# 50/50 Bermuda/StAug mowing height?



## WBrown999 (Apr 3, 2018)

Greetings from humid Houston Texas! We bought our first house in November, and I am beginning to repair our neglected lawn (damn the previous owners). Currently, it is a 50-50 mix of Bermuda and Saint Augustine grass.

I have read everywhere that I should mow Saint Augustine at 4 inches, and Bermuda should be mowed much, much lower. My question is how high I should mow my mixed lawn? I don't want these competing sets of information leading to the destruction of my already struggling lawn. Any advice? Thank you!


----------



## Ral1121 (Mar 19, 2018)

I believe you need to decide if you want to keep the Bermuda or St. Augustine. If you mow somewhere in the middle, neither will take off and they will continue to compete. If you want to keep the Bermuda, cut your yard llow at your mowers lowest setting and the Bermuda will start to tribe and take over the St Augustine. If you want to keep the St Augustine, cut the yard at your mowers highest setting and it will choak out the Bermuda. Highest setting is usually somewhere between 3.5-4".


----------



## WBrown999 (Apr 3, 2018)

Ral1121 said:


> I believe you need to decide if you want to keep the Bermuda or St. Augustine. If you mow somewhere in the middle, neither will take off and they will continue to compete. If you want to keep the Bermuda, cut your yard llow at your mowers lowest setting and the Bermuda will start to tribe and take over the St Augustine. If you want to keep the St Augustine, cut the yard at your mowers highest setting and it will choak out the Bermuda. Highest setting is usually somewhere between 3.5-4".

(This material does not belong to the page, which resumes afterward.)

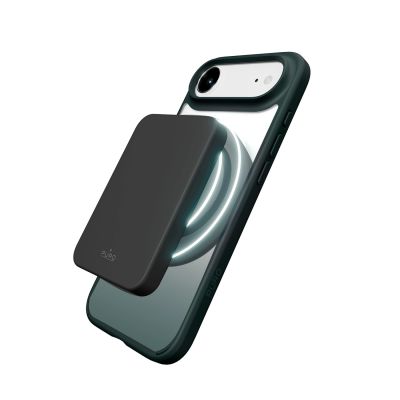 3. Puro Gradient TPU-Hülle kompatibel mit MagSafe für iPhone 17 Air – Türkis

Great advice. I actually prefer Bermuda over St. Aug, but but my front yard has way too much shade for Bermuda to grow.

Would it be possible for mow low for a Bermuda lawn in the sunny backyard and high in the front for St. Aug? Is t possible to have two different grasses in your lawn?


----------



## Ral1121 (Mar 19, 2018)

@WBrown999 I do not see why not. As long as the back is cut short and the front is cut high, you should not have a problem. Not 100% sure though. Maybe someone else will chime in that actually has both Bermuda and St Augustine.


----------



## WBrown999 (Apr 3, 2018)

Ral1121 said:


> @WBrown999 I do not see why not. As long as the back is cut short and the front is cut high, you should not have a problem. Not 100% sure though. Maybe someone else will chime in that actually has both Bermuda and St Augustine.


Would love to hear from@Ware regarding this. Any experience with one lawn with 2 grass types?


----------



## Ware (Jan 28, 2017)

WBrown999 said:


> Ral1121 said:
> 
> 
> > WBrown999 I do not see why not. As long as the back is cut short and the front is cut high, you should not have a problem. Not 100% sure though. Maybe someone else will chime in that actually has both Bermuda and St Augustine.
> ...


It gets too cold where I live for St. Augustine.

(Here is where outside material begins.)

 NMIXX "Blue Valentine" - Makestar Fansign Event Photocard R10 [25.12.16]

It really depends on your expectations, but I would personally have no interest in mixing two warm season grass types.


----------



## Spammage (Apr 30, 2017)

They will continue to try to invade the other, but if you tailor your maintenance, you can usually keep them separated easily enough. There are herbicides that will help you keep the St Augustine out of the bermuda, but not the other way around. Mow the St Augustine as high as your mower will cut and allow the shade to help suppress the bermuda.


----------



## WBrown999 (Apr 3, 2018)

Spammage said:


> They will continue to try to invade the other, but if you tailor your maintenance, you can usually keep them separated easily enough. There are herbicides that will help you keep the St Augustine out of the bermuda, but not the other way around. Mow the St Augustine as high as your mower will cut and allow the shade to help suppress the bermuda.

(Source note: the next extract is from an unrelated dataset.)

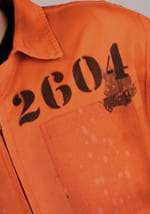 Distressed Prisoner Jumpsuit Costume for Adults Alt 4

Looks like I am sticking with mowing tall then. Too much shade here to allow the Bermuda to really do its thing. Thanks y'all!


----------



## Greendoc (Mar 24, 2018)

Other thing I can tell you management wise, is to hold back on the fertilizer a little. St Augustine only wants 1/4-1/2 lb of N per month. Fertilizing it more will encourage the Bermuda to become dominant because it is a very fertilizer hungry grass. St Augustine gets by on much less.


----------



## WBrown999 (Apr 3, 2018)

Greendoc said:


> Other thing I can tell you management wise, is to hold back on the fertilizer a little. St Augustine only wants 1/4-1/2 lb of N per month. Fertilizing it more will encourage the Bermuda to become dominant because it is a very fertilizer hungry grass. St Augustine gets by on much less.


Very good advice...

Too bad I just put down a pound of N yesterday... doh! :lol:


----------



## Greendoc (Mar 24, 2018)

Height of cut and fertilizer rates are very powerful tools for favoring one grass over the other. You should be alright with the 1 lb. Further applications should be 1/2 lb or less. Maybe even not at all. If you do not collect the clippings, that should be enough fertilizer to get through the season. I have seen St Augustine not fertilized and just mowed. Not a lot of weeds. It seems the undesirables feed off of the extra fertilizer.


----------



## Colonel K0rn (Jul 4, 2017)

My grandfather had a very lush St. Augustine lawn in Tyler,TX, where there was a lot of shade in the back yard. He mowed high, and discharged into the lawn. His mowing frequency was every 3-4 days, and I never saw him put any fertilizer on it at all. They had a lot of pecan, and sycamore trees on the lot, along with a very large Cedar tree in the front. Plenty of shade, some water, and good mowing frequency kept his yard healthy and green for years. Had several moles that kept evading him though.


----------



## Greendoc (Mar 24, 2018)

That describes the rare St Augustine lawn here. As long as the lawn ninjas with their string trimmers do not buzz the whole thing down to the ground and it is mowed with a mower at 4", St Augustine is self maintaining. Buzz it down and do not keep it watered, the weeds take over. Bermuda will definitely take over if St Augustine is abused in that manner.


----------



## WBrown999 (Apr 3, 2018)

Greendoc said:


> lawn ninjas


So funny that you would use that term. My neighbor hires a mower to come out every other week. Cuts his St. Aug to 1" to avoid mowing frequently. Whatever, not my lawn, and it makes my yard look better by comparison.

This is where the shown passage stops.